Exercise: Omit the pictures, and output the rest of the entries exactly as written.

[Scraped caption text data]
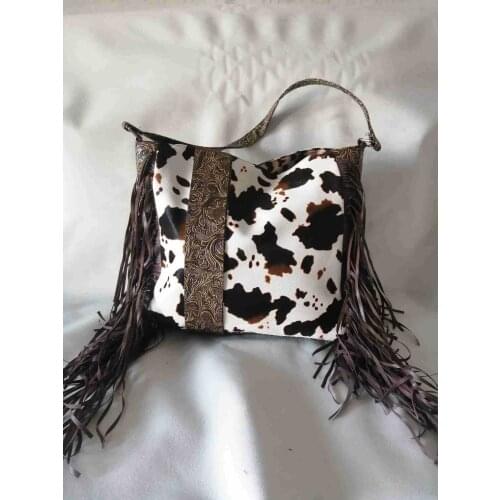 Soft Leather Large-Capacity Leopard Cow Pattern Tassel HandBag Vertical Square Solid Color Zipper Square Shoulder Bag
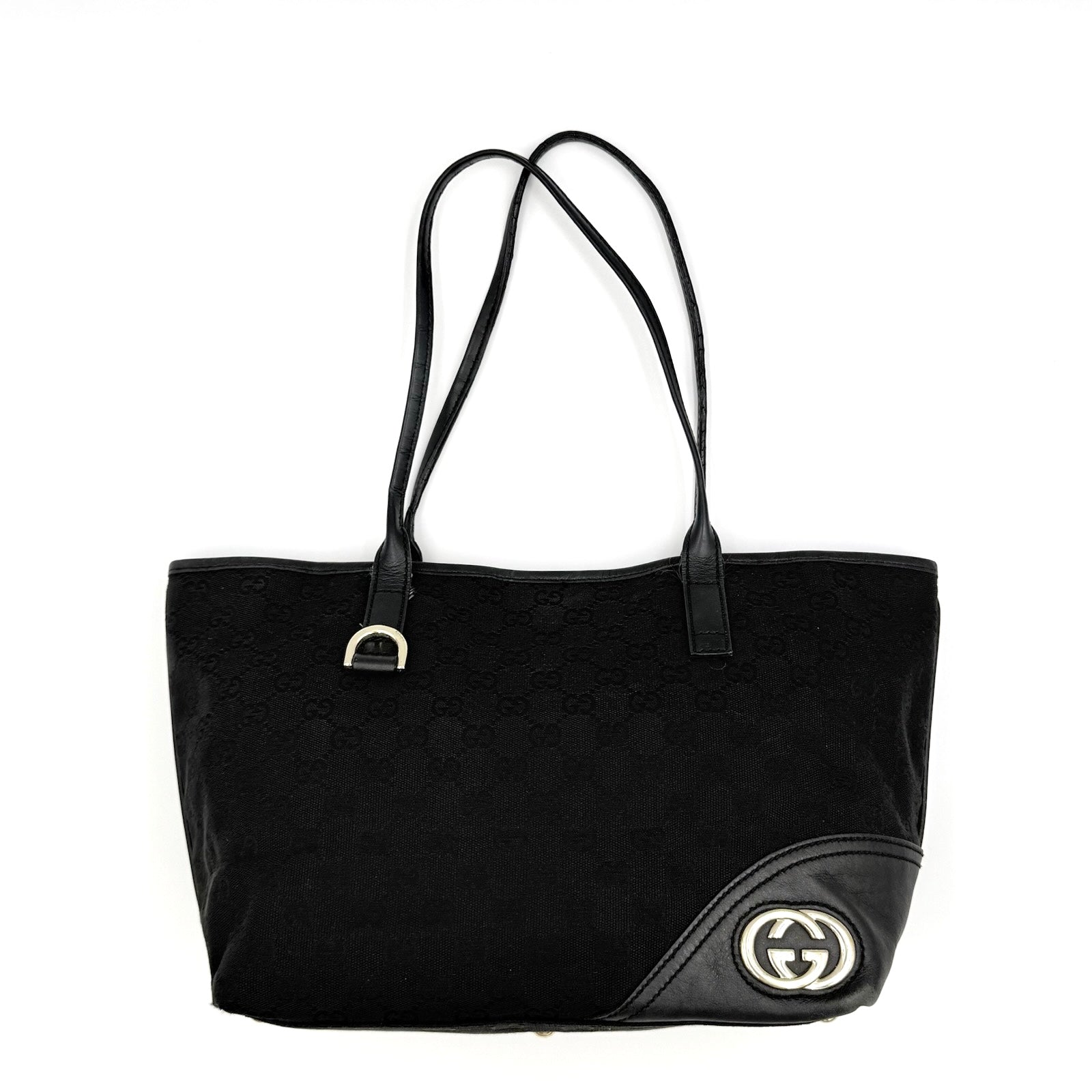 Gucci GG Monogram Britt Tote Bag Black/Gold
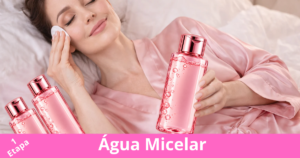 Água micelar para rugas sendo aplicada no rosto para limpeza suave e preparação da pele para cuidados anti rugas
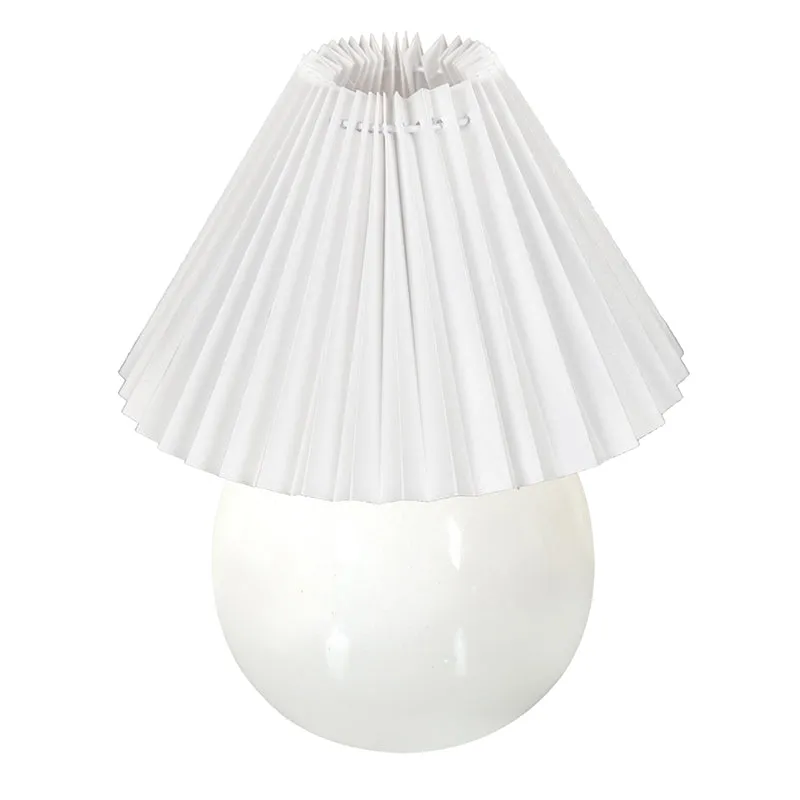 Ibex Pleated Fabric Table Lamp - White media 4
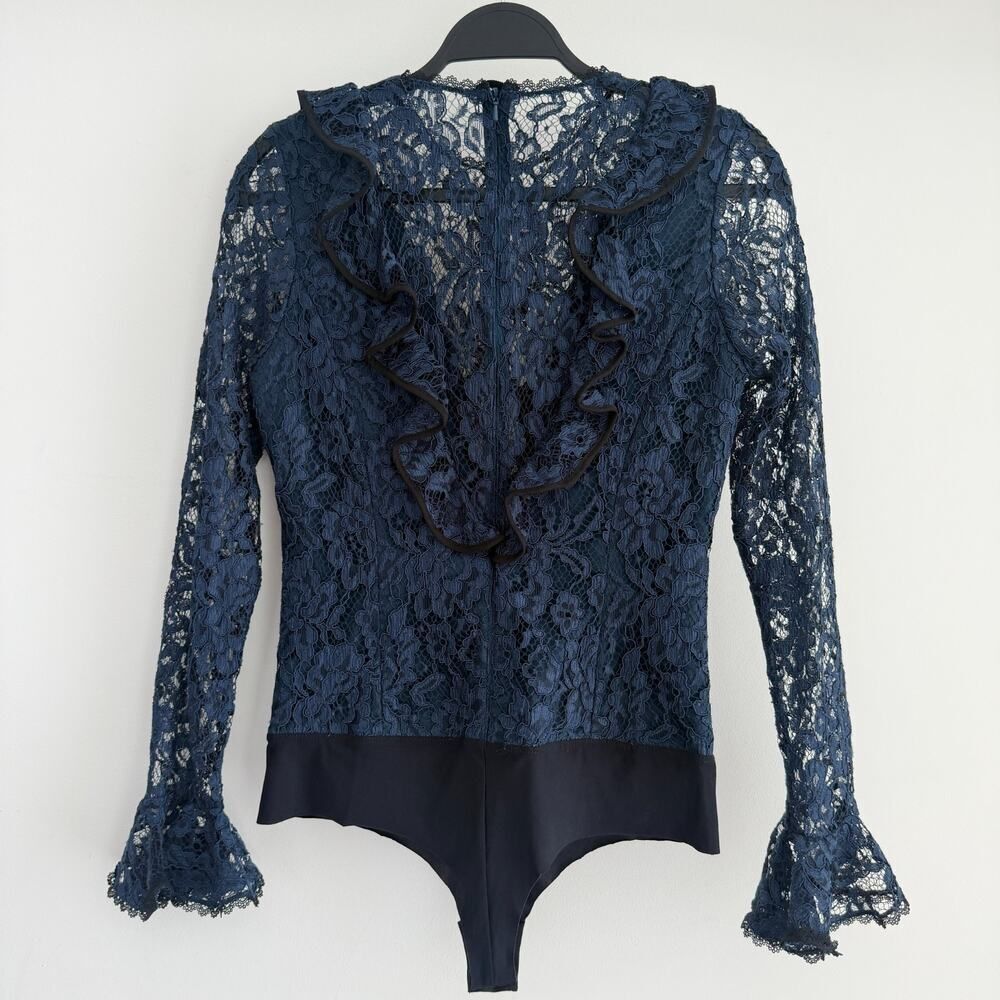 Alexis Bodysuit Womens Small Navy Lace Ruffle Pollie Illusion Long Sleeve Top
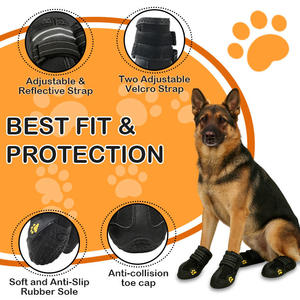 Protège-pattes pour chien en gros, bottes de neige imperméables pour chien avec lacets, bandes réfléchissantes, semelle robuste antidérapante - Product Image 3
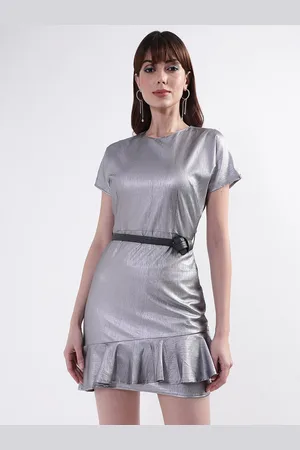 CENTRESTAGE Women Silver Solid Round Neck A-Line Dress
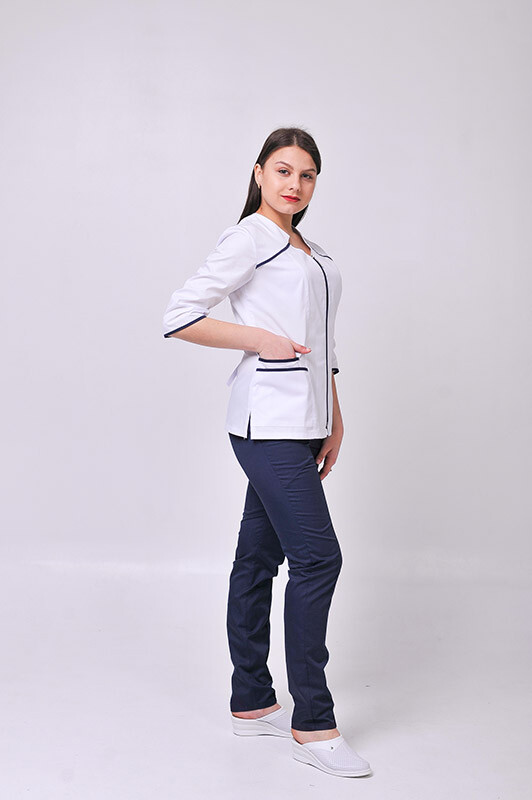Костюм медицинский Жасмин+ Бр. зауженные. COTTON. Белый / темно-синий (544635) фото 2
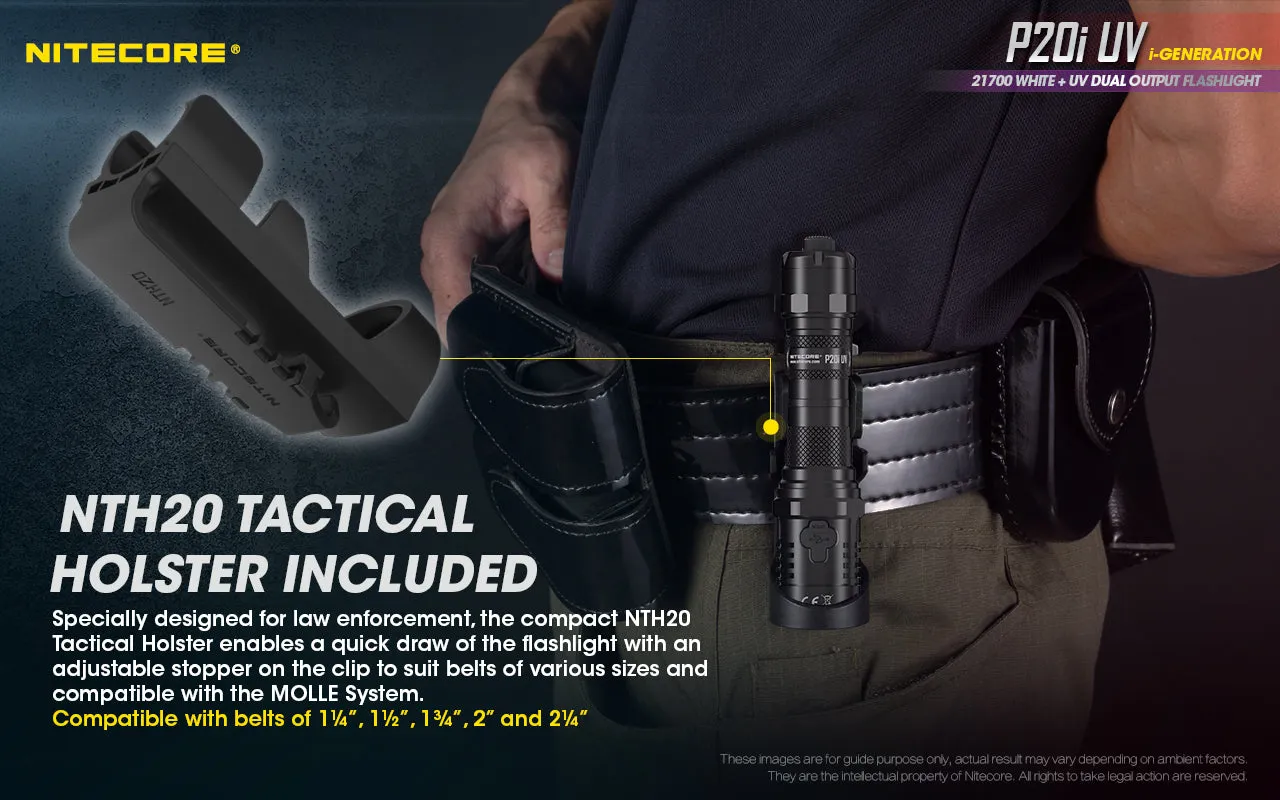 NITECORE 1800 LUMENS RECHARGEABLE FLASHLIGHT W/ UV LIGHT (P20I UV)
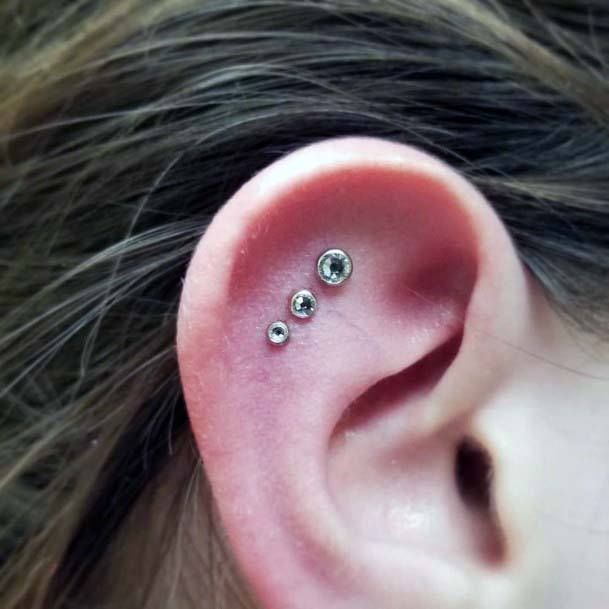 Beautiful Green Emerald Triple Flat Cool Piercings Ideas For Women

Written reply:
 Soft Leather Large-Capacity Leopard Cow Pattern Tassel HandBag Vertical Square Solid Color Zipper Square Shoulder Bag
 Gucci GG Monogram Britt Tote Bag Black/Gold
 Água micelar para rugas sendo aplicada no rosto para limpeza suave e preparação da pele para cuidados anti rugas
 Ibex Pleated Fabric Table Lamp - White media 4
 Alexis Bodysuit Womens Small Navy Lace Ruffle Pollie Illusion Long Sleeve Top
 Protège-pattes pour chien en gros, bottes de neige imperméables pour chien avec lacets, bandes réfléchissantes, semelle robuste antidérapante - Product Image 3
 CENTRESTAGE Women Silver Solid Round Neck A-Line Dress
Костюм медицинский Жасмин+ Бр. зауженные. COTTON. Белый / темно-синий (544635) фото 2
 NITECORE 1800 LUMENS RECHARGEABLE FLASHLIGHT W/ UV LIGHT (P20I UV)
 Beautiful Green Emerald Triple Flat Cool Piercings Ideas For Women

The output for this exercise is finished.